Cauliflower Porridge With Savory Sausage And Mushrooms. This egg-free breakfast recipe is perfect for breakfast, brunch, or even light supper. It also reminds me of Asian porridge. You can assemble and layer them in glass jars. It will become one of your favorite portable meal !
Course Breakfast, Brunch, Dinner
Cuisine American
Prep Time 10 minutes
Cook Time 20 minutes
Total Time 30 minutes
Servings 4 people
Calories 280kcal
Author ChihYu


Cauliflower mash:

  • 1 head cauliflower
  • 1 tbsp olive oil
  • ½ tsp Garlic powder
  • ½ tsp Onion powder
  • 4 tbsp canned coconut milk
  • Salt to taste


  • 1 cup diced Whole30-compliant sausage be sure to check your labels
  • 2 cups button mushrooms quartered
  • 2 tbsp sliced scallions + more for garnish separate green & white color parts
  • 1/2 tsp sea salt
  • ½ tsp fresh thyme leaves
  • ½ tsp fresh marjoram oregano
  • ½ tbsp olive oil


Cauliflower mash:

  • Roughly chop the cauliflower. Steam for about 5 mins with ¼ cup water until the cauliflower is tender when pierced. Blend the cauliflower in a food processor with the rest of ingredients under “cauliflower mash” until the consistency is smooth.
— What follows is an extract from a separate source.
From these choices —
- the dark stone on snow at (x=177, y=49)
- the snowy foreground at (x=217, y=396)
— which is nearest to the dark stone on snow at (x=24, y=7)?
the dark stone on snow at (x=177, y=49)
  • In a medium saute pan over medium-high heat, when hot, add 1 cup of diced sausages. Saute until the meat is cooked through to golden brown color. Set aside. Use the remaining fat in the saute pan, saute the white parts of the scallions until fragrant. About 5-10 secs.
  • Add quartered mushrooms. Season with 1/2 tsp of sea salt. Cook until the mushroom is tender but not mushy. Scoop out the ingredients. Set aside.

To assemble:

  • Layer with cauliflower mash, sausages, and mushrooms. Sprinkle with thyme leaves, oregano, and green color part of scallions. Drizzle ½ tbsp of olive oil & enjoy!